Aim of the exercise =
In the data below, find the line with "Bob Dylan - Unbelievable" and the line with "Click&Seat und Sitztiefenverstellung", then restate both and every line between them exactly, minus the pictures.

Provided information =
▬▬▬▬▬▬
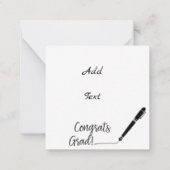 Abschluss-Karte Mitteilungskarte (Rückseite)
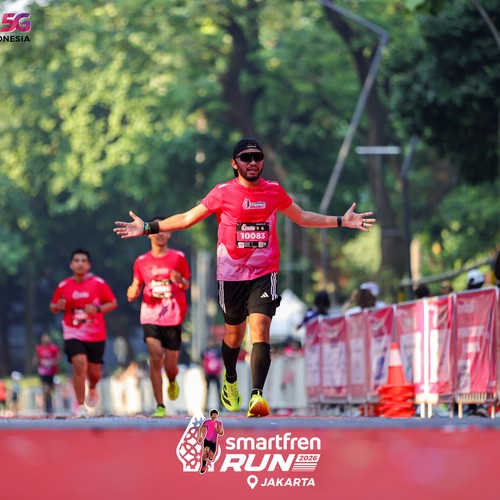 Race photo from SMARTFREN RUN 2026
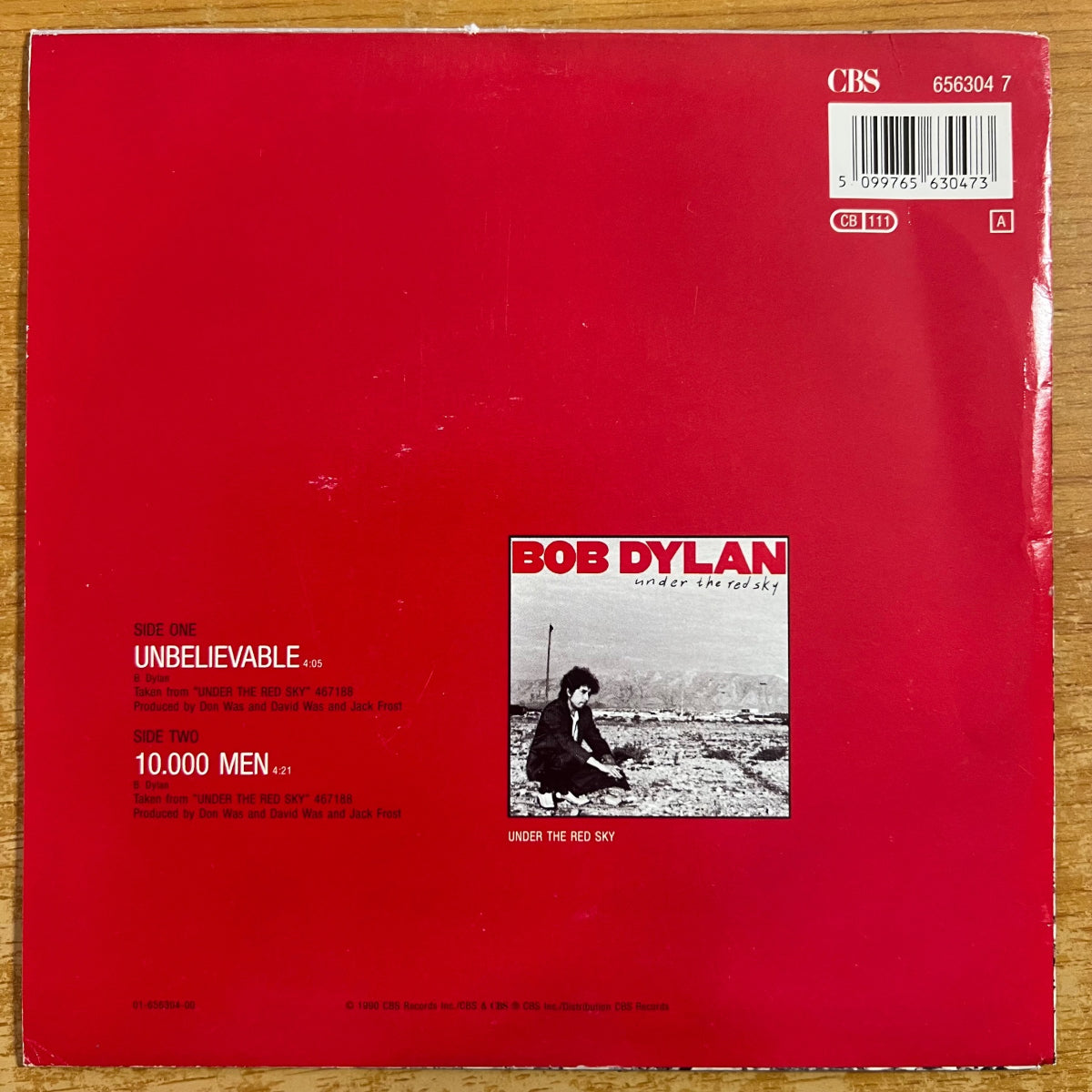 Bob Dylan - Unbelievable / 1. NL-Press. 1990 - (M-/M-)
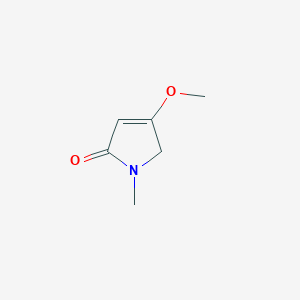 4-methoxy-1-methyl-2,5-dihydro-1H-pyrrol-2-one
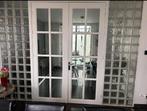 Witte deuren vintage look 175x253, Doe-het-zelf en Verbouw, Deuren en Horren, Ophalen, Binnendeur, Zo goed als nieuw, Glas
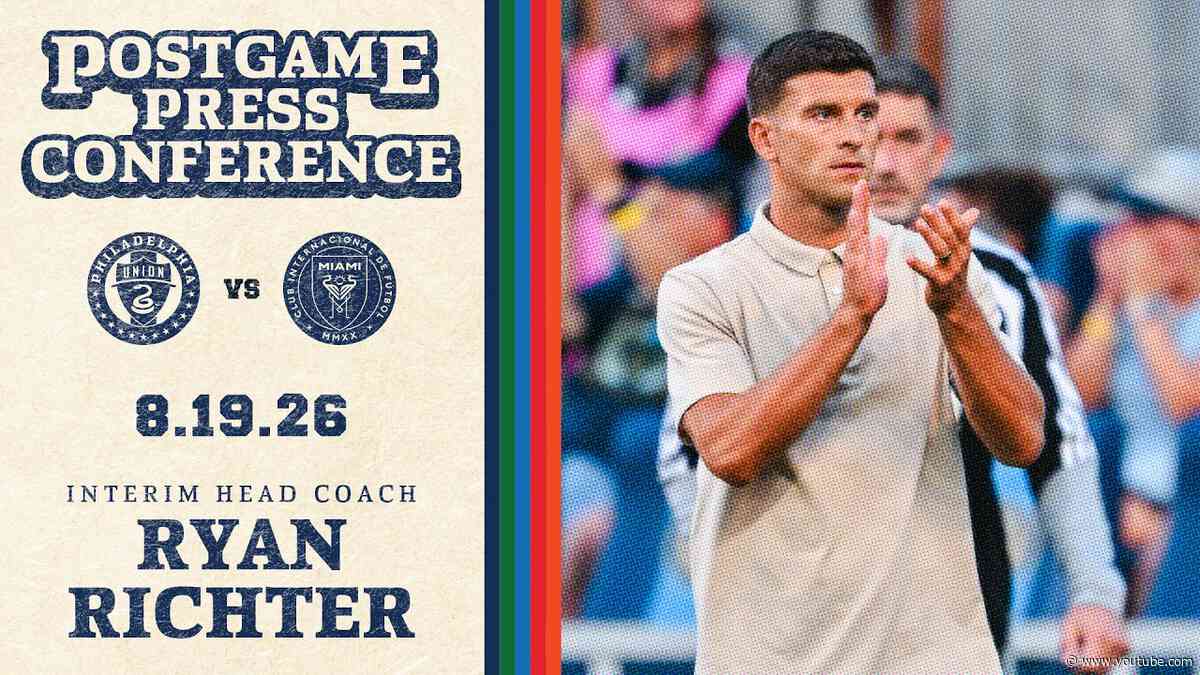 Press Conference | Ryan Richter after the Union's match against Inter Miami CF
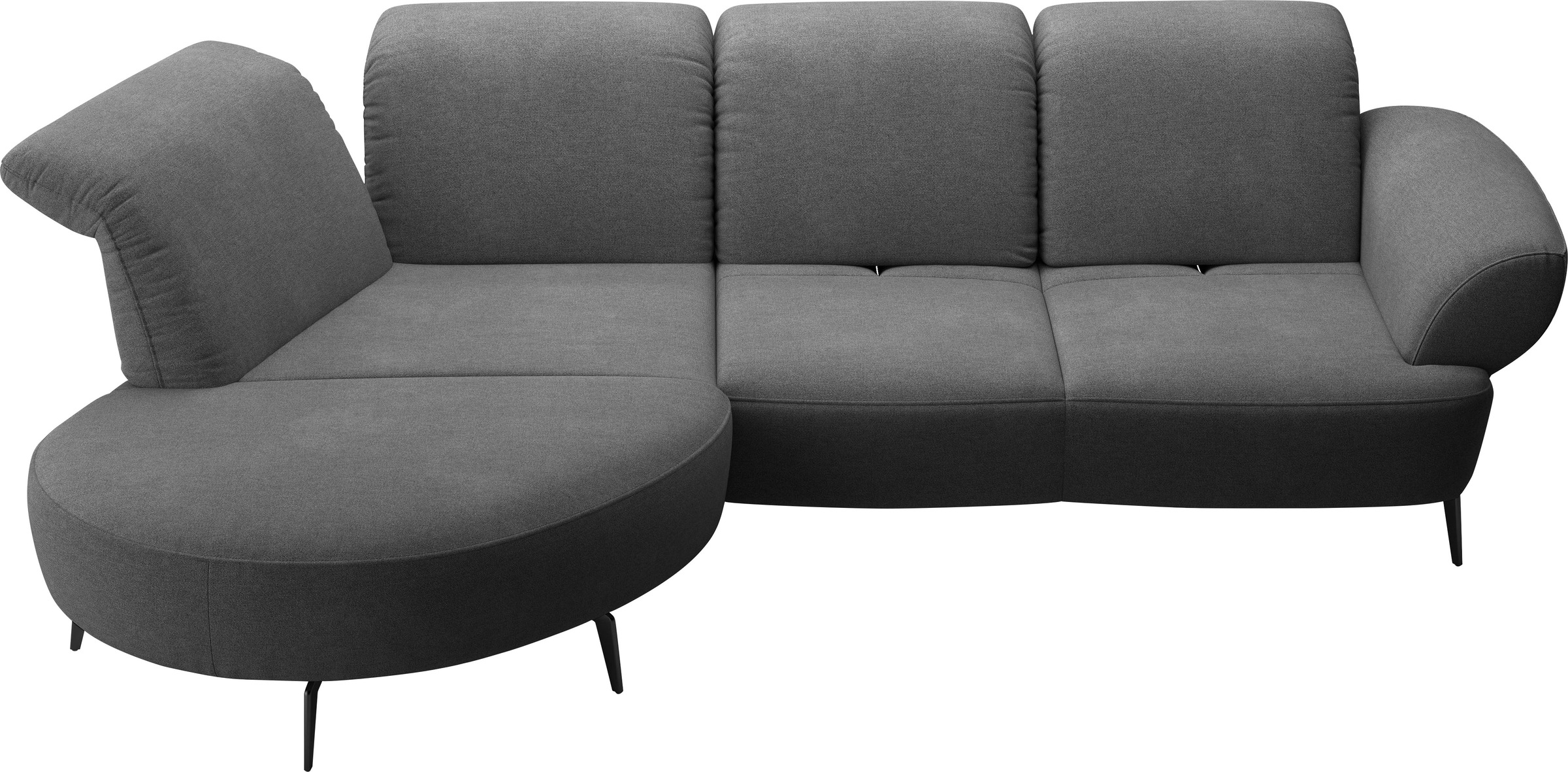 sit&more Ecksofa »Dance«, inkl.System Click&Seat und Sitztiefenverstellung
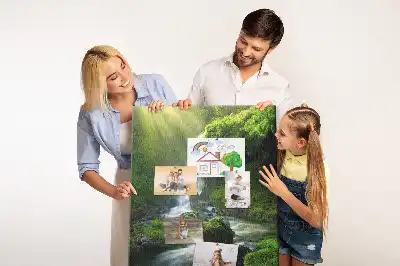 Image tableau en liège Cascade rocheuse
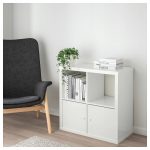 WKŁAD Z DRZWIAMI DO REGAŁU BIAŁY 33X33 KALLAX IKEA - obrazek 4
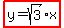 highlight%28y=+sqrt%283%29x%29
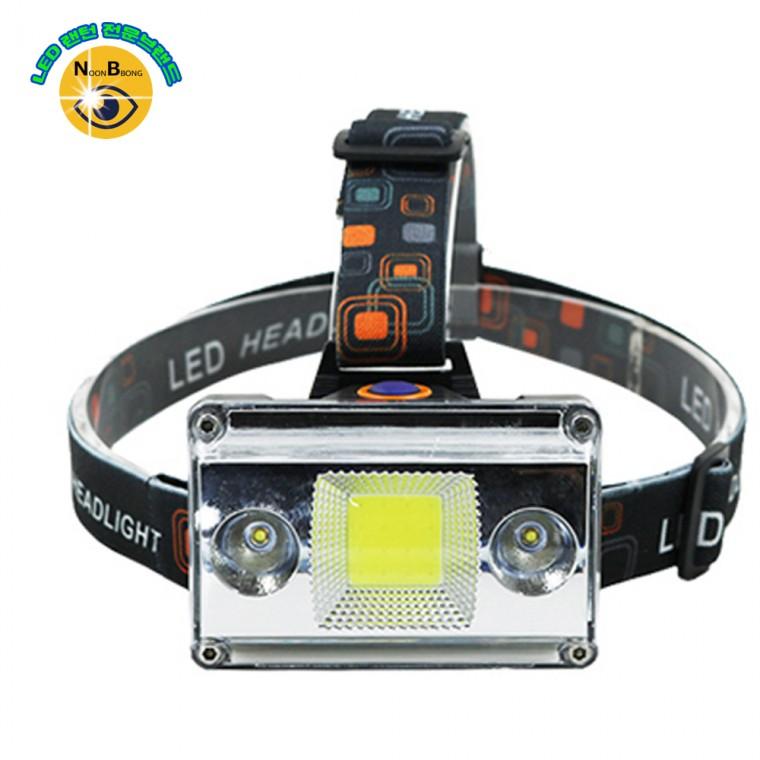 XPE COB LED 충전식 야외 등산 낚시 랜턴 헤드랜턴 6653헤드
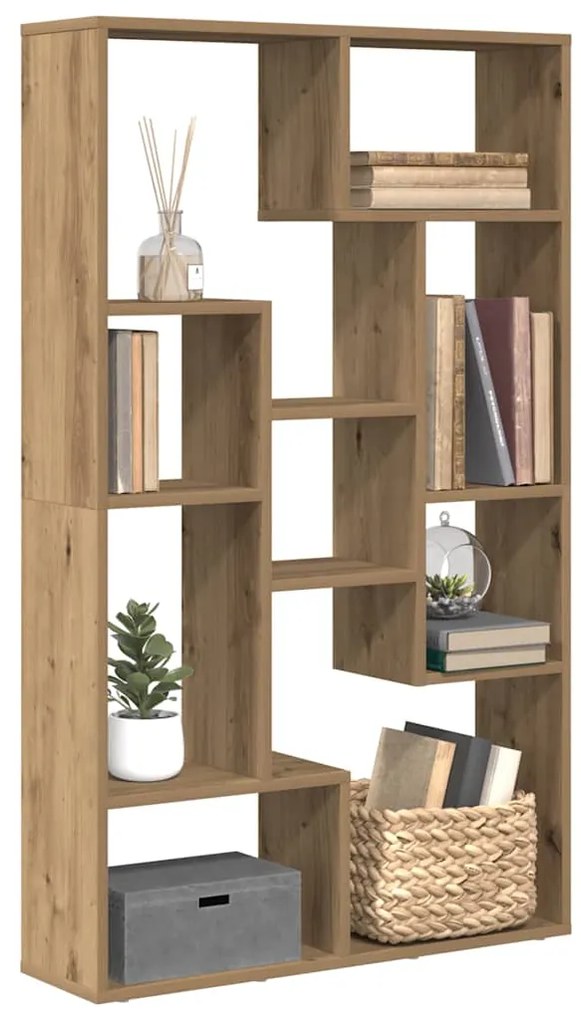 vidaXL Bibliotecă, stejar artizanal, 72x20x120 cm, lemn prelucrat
▬▬▬▬▬▬
Written answer =
 Bob Dylan - Unbelievable / 1. NL-Press. 1990 - (M-/M-)
 4-methoxy-1-methyl-2,5-dihydro-1H-pyrrol-2-one
 Witte deuren vintage look 175x253, Doe-het-zelf en Verbouw, Deuren en Horren, Ophalen, Binnendeur, Zo goed als nieuw, Glas
 Press Conference | Ryan Richter after the Union's match against Inter Miami CF
 sit&more Ecksofa »Dance«, inkl.System Click&Seat und Sitztiefenverstellung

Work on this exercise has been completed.